The singer/songwriter genre is one we think we know well. As a friend quipped recently, “I guess it’s time to go hear a white guy with an acoustic guitar sing about his feelings.” But the genre cliches don’t apply when it comes to veteran songwriter Ray Wylie Hubbard.

Gaining notoriety over 40 years ago when he penned “Up Against the Wall Redneck Mother” — a sardonic character study, now ranked among the top 100 country songs by Rolling Stone magazine — Hubbard was instantly recognized as a writer of humor and wit, often grouped with the “outlaws” who were redefining country music at the time.

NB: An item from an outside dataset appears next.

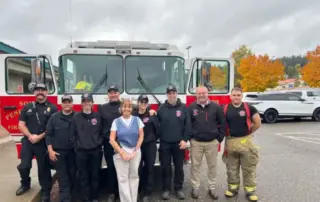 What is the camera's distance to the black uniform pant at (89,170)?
4852 mm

But while the humor and wit are still very much with him, Hubbard’s sound has grown in unpredictable ways.

“I started off in folk music,” Hubbard told me. “Then there was that whole outlaw, progressive country sound. Then the movie Urban Cowboy came along and just screwed everything up, and it wasn’t about the music, it was about the scene.”

Nonetheless, Hubbard worked in that vein well into the 1980s, in the hedonistic spirit of an outlaw troubadour. But it all came to a head when Stevie Ray Vaughan convinced him to get sober. With this sea change, he not only took to the craft of songwriting with renewed determination, he rediscovered the blues.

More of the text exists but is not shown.